A segunda platitude, redundante ao caput do art. 113, é a alusão a “usos” e “costumes”, que, inobstante as angústias quanto à delimitação de cada figura5, seguiram por ser adequadamente trabalhados pela jurisprudência, a exemplo de caso em que o TJSC reconheceu a regularidade do pagamento, porque adequado aos usos e costumes da região6. No mais, há de se registrar que, dessa vez apropriadamente, o inc. II faz alusão a usos e costumes “do mercado” e vinculados ao “tipo do negócio”, suprindo a insuficiência original do Código que os amarrava ao “lugar”. Tal era insuficiente, uma vez variarem estes em três dimensões, conforme antiga lição de Andreas von Tuhr: lugar, setor da atividade (mercado) e tempo7.
2) Os Perigos
Por outro lado, há perigos ensejados pela LLE quando tentou inovar em potencial contradição à disciplina da interpretação que se tem na ordem jurídica brasileira. Tal risco de erosão se encontra, por exemplo, já no caput do §1º, ao ditar que a interpretação do negócio jurídico “atribui” sentido, quando, em verdade, o “extrai”; no inc. IV, ao permitir interpretação contra proferentem de contratos paritários (como regra geral mais concessiva que a regra protetiva ao aderente do art. 423); e no inc. V, que mistura interpretação sistemática com outros critérios e alude ao enigmático parâmetro da “racionalidade econômica das partes”.

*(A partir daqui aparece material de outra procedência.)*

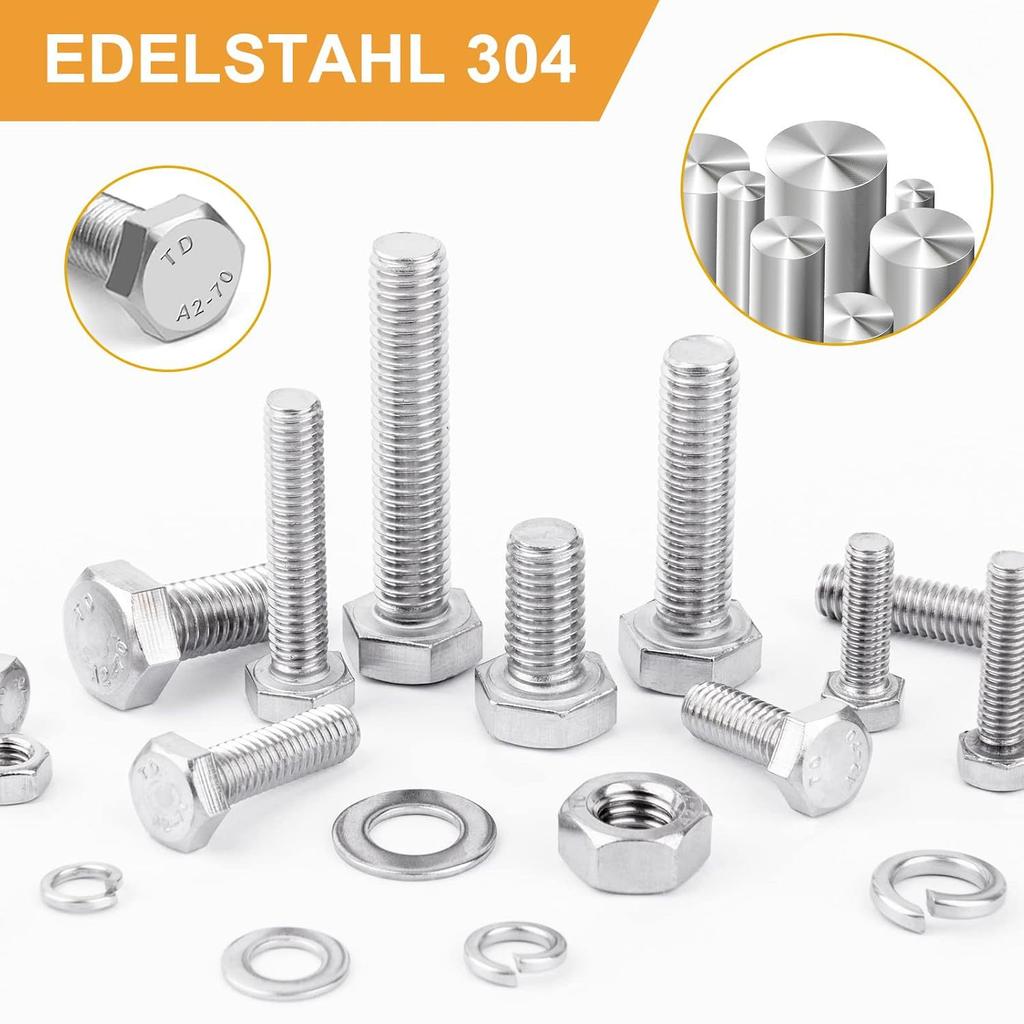 408pcs200pcs84pcs304 Stainless Steel Outer Hexagon Bolt Nut Set M4M5M6M8 Hexagon Screw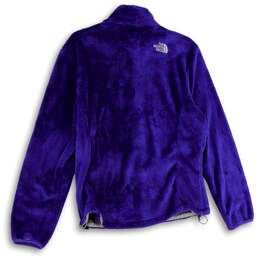 Womens Purple Fleece Mock Neck Long Sleeve Full-Zip Jacket Size Large alternative image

O primeiro perigo é o de se (mal)entender que a disciplina autoriza o intérprete a extrair significado alheio à intenção comum das partes. Foi o que se teve em julgado do TJSP que afastou previsão contratual em prol do que seria a disciplina “mais razoável”8. De outro lado, há decisões mais seguras, como julgado do TJPR em que se procedeu à interpretação a partir da lente do objeto e do fim do negócio9.
O segundo perigo deriva da disciplina ampla do inc. IV, alçada, pela literalidade, a regra geral nos contratos paritários. A jurisprudência nalguns casos o aplicou de modo limitativo, em conjugação ao art. 114 que impõe a interpretação restritiva para negócios jurídicos benéficos e a renúncia10[9]; mas noutros o fez ampliativamente, tornando concretos os riscos apontados, como no caso em que afastou a incidência do art. 423 e aplicou a via expressa da interpretatio contra proferentem diretamente11.
3) Os Desafios
A palavra final, para reflexão, é quanto aos desafios que a disciplina da interpretação inserta ainda apresenta. Dentre tantos, há que se destacarem quatro:
(i) o desenvolvimento do que se quer dizer por “práticas” no inc. II, e que não soa correspondente a “comportamento anterior”;
(ii) a alusão à boa-fé do inc. III, aparentemente redundante, mas com virtualidade de atuar autonomamente no preenchimento de lacunas, como ultima ratio12;
(iii) a obviedade reconhecida pelo §2º, mas que deve ser lida em consonância ao sistema, desafiando clareza quanto a quais são as regras de interpretação cogentes e quais são derrogáveis;
(iv) e quarto, a necessidade de se organizar o escalonamento dos critérios de interpretação, vetorizados pelo postulado normativo da intenção comum das partes (art. 112). Esse escalonamento não corresponde e nem se esgota no rol do §1º do art. 113. Se deixada à crua sequência dos dispositivos insertos, a reforma operada é capaz de subverter a disciplina e diluir, a tudo, na iniciativa de quem se crê suficiente para, com seu solitário senso empírico, dar “vida à palavra morta”13.